Salzburg Conference for Young Analytic Philosophy (German: Salzburgiense Concilium Omnibus Philosophis Analyticis, abbreviated SOPhiA) is an annual conference for students and doctoral candidates in philosophy. Since its inception in 2010, the event has been conducted at the Department of Philosophy of the University of Salzburg in Salzburg, Austria. Most of the talks are presented by students and doctoral candidates in philosophy. These are selected by double-blind review. In addition, each conference has featured several keynote speakers, notably Stephan Hartmann, Martin Kusch and Ulla Wessels.

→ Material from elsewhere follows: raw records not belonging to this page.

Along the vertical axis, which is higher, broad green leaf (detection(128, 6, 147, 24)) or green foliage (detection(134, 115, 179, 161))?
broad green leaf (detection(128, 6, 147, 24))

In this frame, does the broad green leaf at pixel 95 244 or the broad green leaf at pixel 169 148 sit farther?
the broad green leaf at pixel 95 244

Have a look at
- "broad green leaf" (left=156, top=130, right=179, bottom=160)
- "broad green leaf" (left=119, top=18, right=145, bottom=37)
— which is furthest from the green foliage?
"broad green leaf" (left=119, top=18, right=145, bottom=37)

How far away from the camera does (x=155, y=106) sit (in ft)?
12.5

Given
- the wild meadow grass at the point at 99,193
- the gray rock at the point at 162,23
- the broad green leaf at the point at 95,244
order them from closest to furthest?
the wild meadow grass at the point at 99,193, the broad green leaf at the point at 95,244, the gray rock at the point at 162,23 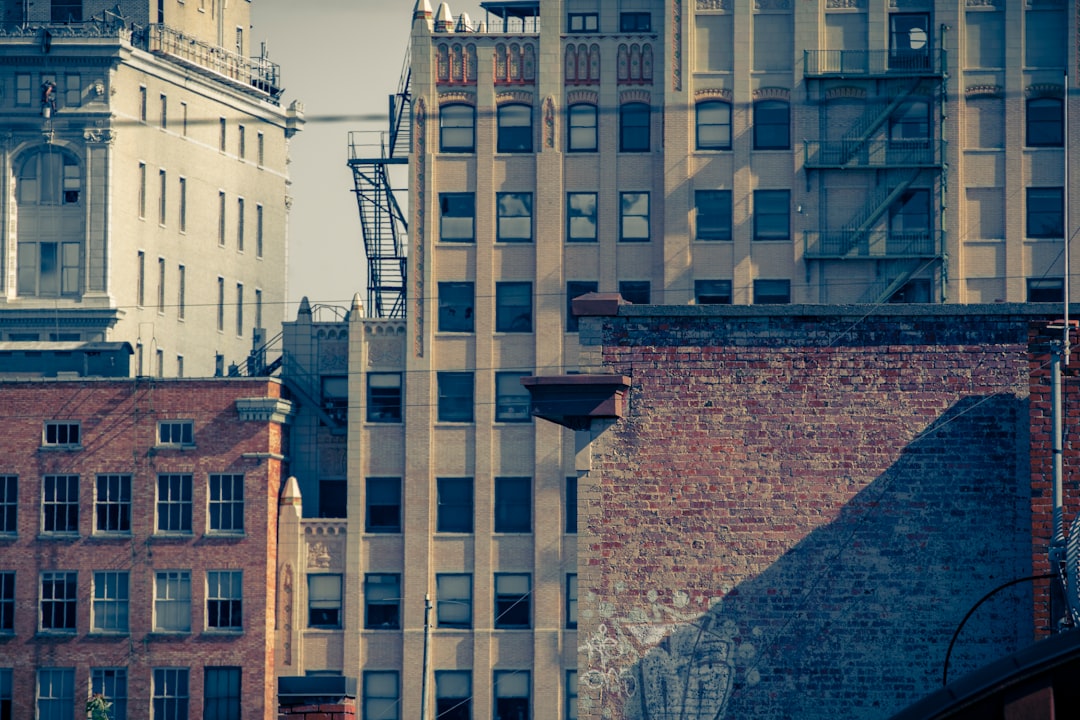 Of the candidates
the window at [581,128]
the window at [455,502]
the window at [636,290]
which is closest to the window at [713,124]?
the window at [581,128]

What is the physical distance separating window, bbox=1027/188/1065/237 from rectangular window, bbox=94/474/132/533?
3199 centimetres

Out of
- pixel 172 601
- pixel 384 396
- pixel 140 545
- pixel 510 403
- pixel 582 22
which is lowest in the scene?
pixel 172 601

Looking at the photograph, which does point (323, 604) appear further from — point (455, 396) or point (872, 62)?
point (872, 62)

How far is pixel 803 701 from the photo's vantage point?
75.8ft

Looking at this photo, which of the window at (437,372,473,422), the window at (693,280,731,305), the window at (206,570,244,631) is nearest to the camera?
the window at (693,280,731,305)

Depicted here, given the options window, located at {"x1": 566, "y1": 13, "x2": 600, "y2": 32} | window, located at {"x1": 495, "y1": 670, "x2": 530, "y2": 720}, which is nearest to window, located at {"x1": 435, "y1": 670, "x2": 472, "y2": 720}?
window, located at {"x1": 495, "y1": 670, "x2": 530, "y2": 720}

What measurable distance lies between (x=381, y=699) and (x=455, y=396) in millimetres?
10641

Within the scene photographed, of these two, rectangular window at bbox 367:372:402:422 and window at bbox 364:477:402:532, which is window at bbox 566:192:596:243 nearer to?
rectangular window at bbox 367:372:402:422

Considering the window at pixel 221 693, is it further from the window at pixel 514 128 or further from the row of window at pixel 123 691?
the window at pixel 514 128

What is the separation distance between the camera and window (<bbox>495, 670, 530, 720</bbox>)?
225 feet

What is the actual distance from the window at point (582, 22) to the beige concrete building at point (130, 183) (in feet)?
68.1

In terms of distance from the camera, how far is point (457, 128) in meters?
71.8

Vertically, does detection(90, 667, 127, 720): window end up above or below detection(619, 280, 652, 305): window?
below

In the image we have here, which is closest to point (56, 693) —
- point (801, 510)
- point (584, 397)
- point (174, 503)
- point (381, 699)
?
point (174, 503)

The SOPhiA-conferences have no specific theme and are open to all areas of philosophy. Accordingly, there have been talks on a wide range of topics including epistemology, ethics, Logic, philosophy of mind, philosophy of science and philosophical action theory. However, the arrangers state that there is a "methodical limitation to the tradition of Analytic Philosophy by usage of clear language and comprehensible arguments".

From the beginning SOPhiA has been sponsored by the philosophy journal Kriterion. Other organisation that have sponsored the event include the German Society for Analytic Philosophy, the Austrian Bundesministerium für Wissenschaft und Forschung, as well as the Salzburg state and the city of Salzburg.